Sendo assim, escrevo principalmente para aqueles que, como eu, desejam começar pela porta dos fundos, o que é diferente de começar por baixo. Começar pela porta dos fundos é pior e melhor ao mesmo tempo. Pior pois provavelmente não vai te garantir uma ascensão na “indústria” e melhor pois te garantirá — ao longo de vários anos de trabalho — uma verdadeira liberdade artística para criar e ao mesmo tempo ter domínio de todas as funções dentro de uma produção independente, o que certamente te fará feliz por não depender de muitas pessoas para te ajudar — a maioria delas estudantes incompetentes de cinema que não conseguem enxergar além do umbigo dos professores das universidades, que normalmente estão bastante atarefados curtindo o próprio ego ou envolvidos na manutenção de uma política cultural auto congratulatória.

A garantia da sua liberdade é vital e deve ser resguardada como uma bandeira a ser protegida e e preservada a qualquer custo e para que isso aconteça com sucesso, você tem que ter uma certeza: a produção independente é um animal completamente distinto da produção comercial, ou “profissional”. Se você passar anos como “logger”, ou“gaffer”, provavelmente saberá muito mais do que eu sobre sobre a arte dessas funções, mas passará vergonha dirigindo um filme sem orçamento, ou com orçamento limitado. Você simplesmente não foi treinado pra isso. Hoje raramente temos segmentos em que os profissionais sabem todas as etapas de cada processo. Na medicina por exemplo, tem um profissional do pé esquerdo e outro para o pé direito, apenas uma facécia, e isso nos tira a visão geral.

Por isso, quando eu digo “começar pela porta dos fundos”, é bem mais que tomar cuidado ou negar a modinha acadêmica e é isso que eu gostaria de mostrar ao longo

desses pequenos textos. Não é simples rebeldia, é uma escolha política e essa escolha tem a ver essencialmente com o que cada um entende por arte. Ainda mais no Brasil, um país em que (quase) todo mundo entende a arte da mesma forma.

Não fiz faculdade de cinema e jamais pensei em fazer, acredito que a academia acaba criando uma visão viciada e repetitiva, tanto estética quanto textual. Se você fez, tudo bem, basta levantar a cabeça e perceber que existe um céu azul além dos prédios dos institutos e das salas de aula; existe vida inteligente longe dos jargões acadêmicos.

Claro que isso não é um privilégio dos cursos de cinema, abandonei um doutorado em História Cultural por sentir que estava me tornando apenas um repetidor, ou seja, um picareta profissional. Não me arrependo do curso que fiz, ele me ensinou a escrever, pesquisar e me abriu um universo infinito de possibilidades para criar personagens, histórias e universos, mas ao mesmo tempo estava me tornando acomodado e preconceituoso com tudo o que não tinha o selo da academia.

Criar não é uma ciência exata e sempre que alguém te diz que deve ser assim, está simplesmente tolhendo sua liberdade ou está com medo de ser superado. Com isso não estou dizendo que não existam regras básicas e conceitos quase pétreos, daqueles que só podem ser quebrados se você os conhecer profundamente. Eles existem, mas você pode aprende-los por quaisquer fontes, desde que mantenha sempre a cabeça aberta e os olhos e ouvidos atentos.

Por isso, é preciso cautela. Coisas como “não é possível fazer um filme sem o equipamento x ou y”, ou “todas os roteiros devem ser analisados a partir de dois ou três pontos” são apenas (e sempre serão), uma espécie de salvaguarda de quem não tem coragem ou simplesmente não tem capacidade de ir além. Todos que revolucionaram o cinema independente não deram bola para uma (ou todas) essas regras.
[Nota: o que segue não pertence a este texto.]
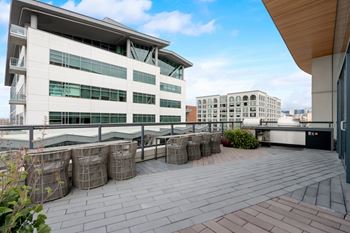 Rooftop Decks And Grill at Channel House, Oakland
Não pense por um instante que isso seja uma desculpa para que você crie qualquer coisa e depois se esconda atrás da touca do “gênio incompreendido”. Nada é mais chato que isso. Antes de mudar as regras, é preciso conhece-las. Eu mesmo nunca me senti seguro o bastante pra quebrar a maioria das regras. Lembre-se que você não poderá explicar suas decisões para todos que assistirem aos seus filmes e mesmo que isso seja possível, um filme que necessita de nota de rodapé tende a ser bem maçante e por isso, desinteressante para a imensa maioria do público.

No entanto, não sou um gênio. Se você é, muito bem, arrebente tudo! Se também não é, fique ligado nos textos que virão a seguir e comece pelo começo com o pé direito!